## Exercise aim
Pictures are to be left out. Return exactly the lines below from the one with "الكاتب حيدر عيد" up to and including the one with "Dethleffs rondo met".

## Input material

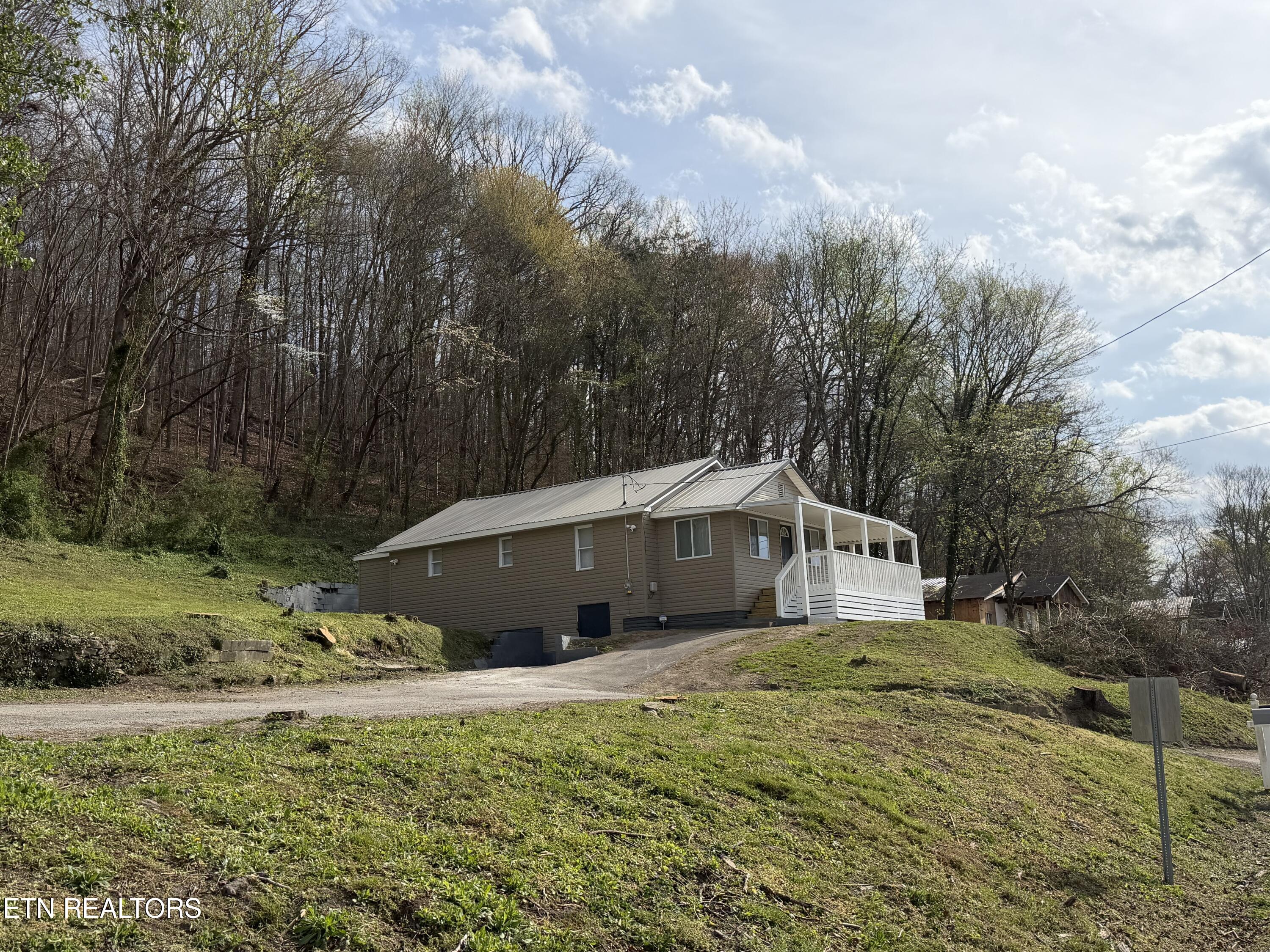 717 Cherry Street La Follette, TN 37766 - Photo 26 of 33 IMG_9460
--
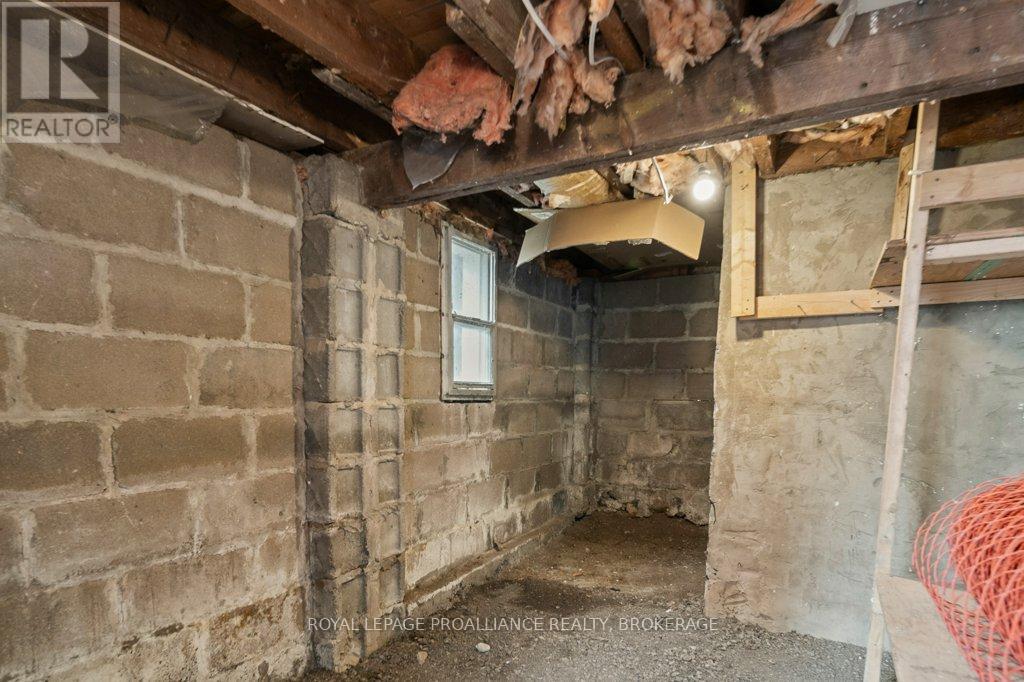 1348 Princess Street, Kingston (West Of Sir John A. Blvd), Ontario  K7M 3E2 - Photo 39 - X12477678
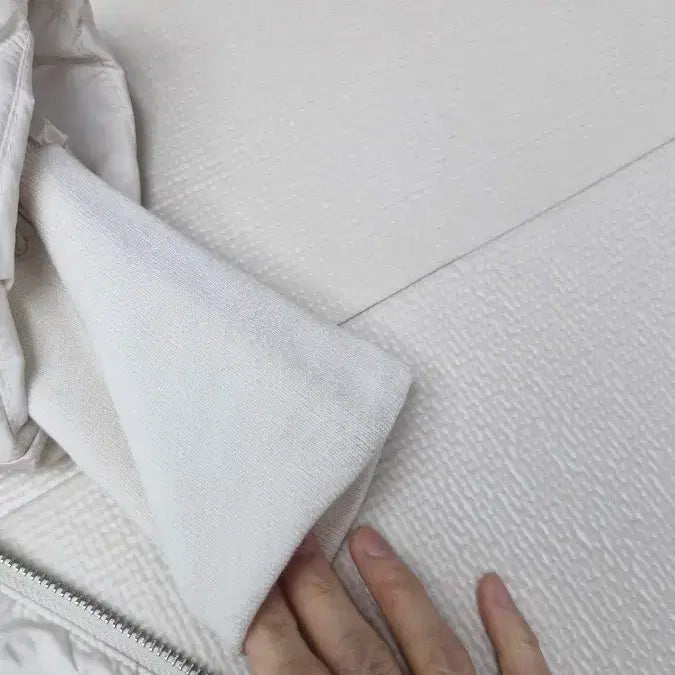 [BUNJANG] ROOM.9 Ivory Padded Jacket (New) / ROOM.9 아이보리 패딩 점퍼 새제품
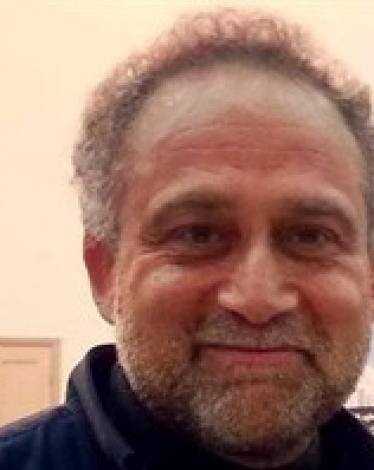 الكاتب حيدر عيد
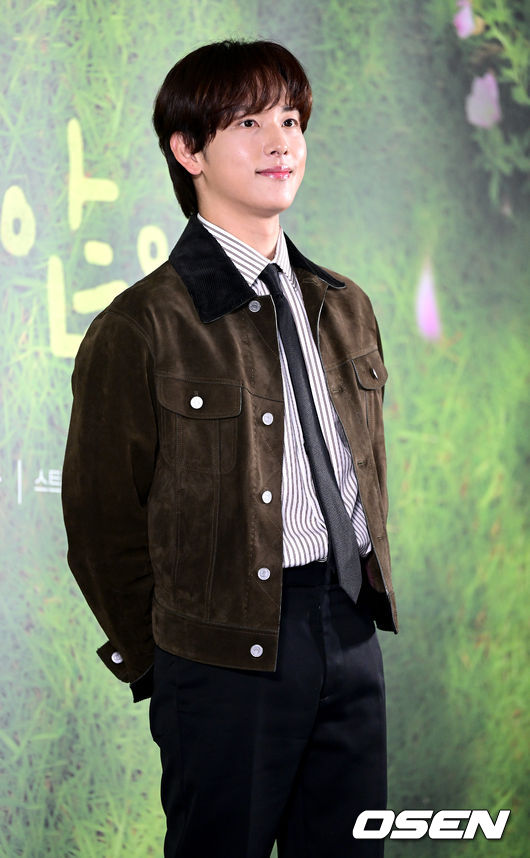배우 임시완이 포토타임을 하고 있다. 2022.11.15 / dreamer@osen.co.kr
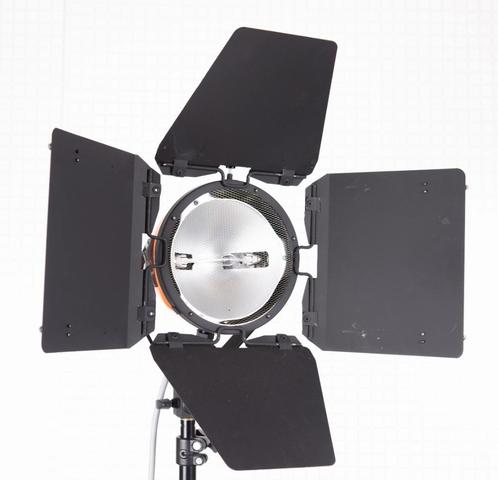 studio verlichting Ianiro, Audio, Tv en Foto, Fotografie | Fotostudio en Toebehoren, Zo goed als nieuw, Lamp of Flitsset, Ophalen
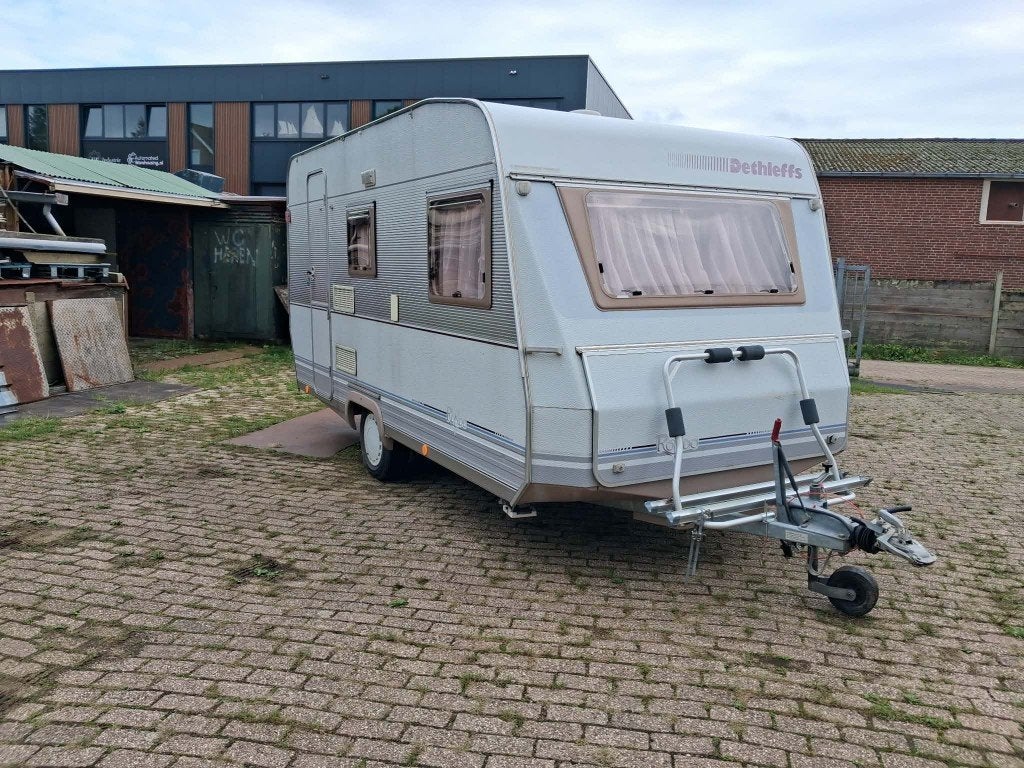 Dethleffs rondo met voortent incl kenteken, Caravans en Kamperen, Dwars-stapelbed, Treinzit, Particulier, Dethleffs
--
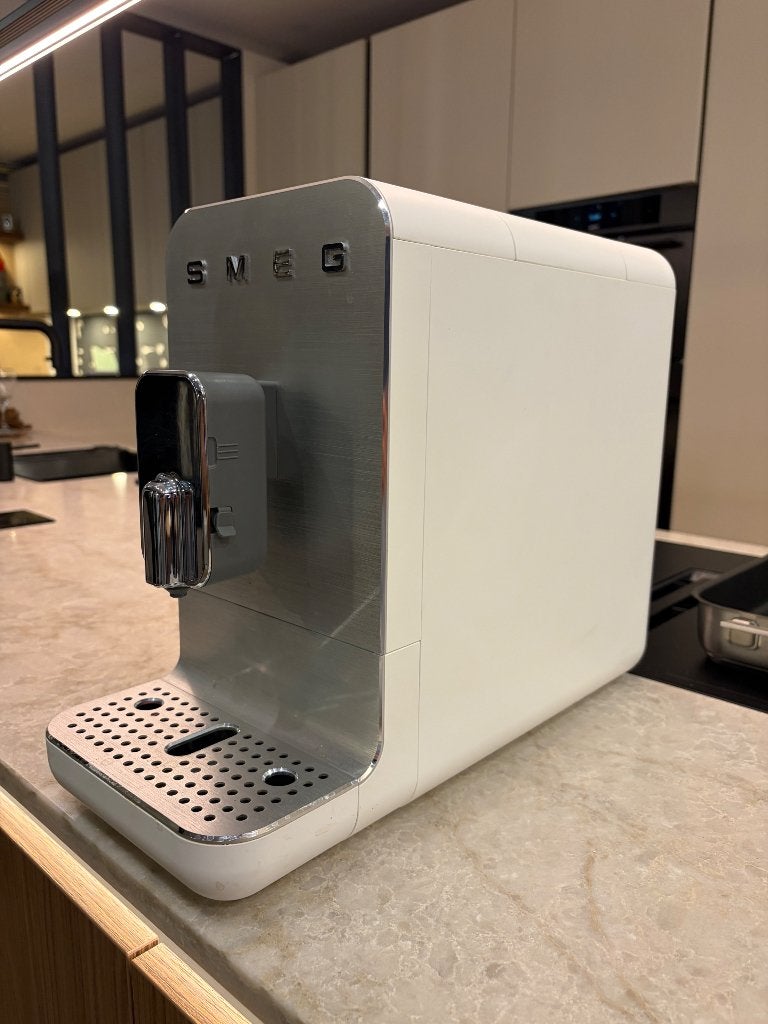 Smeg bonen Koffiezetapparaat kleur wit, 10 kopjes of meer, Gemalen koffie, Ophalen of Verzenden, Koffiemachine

## Reply to the exercise
 الكاتب حيدر عيد
배우 임시완이 포토타임을 하고 있다. 2022.11.15 / dreamer@osen.co.kr
 studio verlichting Ianiro, Audio, Tv en Foto, Fotografie | Fotostudio en Toebehoren, Zo goed als nieuw, Lamp of Flitsset, Ophalen
 Dethleffs rondo met voortent incl kenteken, Caravans en Kamperen, Dwars-stapelbed, Treinzit, Particulier, Dethleffs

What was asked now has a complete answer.